The best way to get to know your new home is to write about it.
I wrote a series of stories about New Orleans and her people for gonola.com. Excerpts from my faves are highlighted below, but read the whole set to get a quick Nola fix.
The Praline Queen Passed Down Delights
There’s a praline-colored building on the corner of Magazine and Dufassat Street, home to Tee Eva’s Pralines and Pies. A fitting color since inside you’ll find some of the best pralines in New Orleans.
Eva Perry was born by the sugar cane fields in St. Charles Parish but she grew up on Washington Avenue. Her grandmother taught her to make some of those pies that would one day sweeten up Magazine Street. It’s a legacy Eva would eventually pass on to her own granddaughter, intentionally equipping her both with family history and a future means of supporting herself. She now runs the shop and follows Tee Eva’s recipes with exacting precision.
A Meal Meant So Much More
The first world war was barely over and the Prohibition Era only a few months away when Arnaud’s opened its doors at 813 Bienville Street in 1918. Inside those big-windowed brick buildings with Italian-tiled floors, Prohibition rules didn’t exist. Actually, a lot of rules didn’t exist save one near and dear to Count (a self-titled addition) Arnaud: the pursuit of pleasure at the table. A meal that is just a meal, he believed, was a wasted opportunity for enhancing one’s life.

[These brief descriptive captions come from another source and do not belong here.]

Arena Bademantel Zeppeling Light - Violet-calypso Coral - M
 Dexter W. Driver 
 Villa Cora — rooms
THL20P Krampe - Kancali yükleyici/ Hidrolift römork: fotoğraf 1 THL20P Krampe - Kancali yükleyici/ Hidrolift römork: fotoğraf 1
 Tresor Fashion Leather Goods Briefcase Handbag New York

How Ella Brennan Pioneered the New Orleans Culinary Landscape.
“I don’t want a restaurant where a jazz band can’t come marching through.”
If you’ve ever nodded along during a New Orleans jazz brunch, licked the spoon after devouring a Bananas Foster, or sipped on a 25 cent lunchtime martini, you’re experiencing the after-effects of one very special New Orleanian.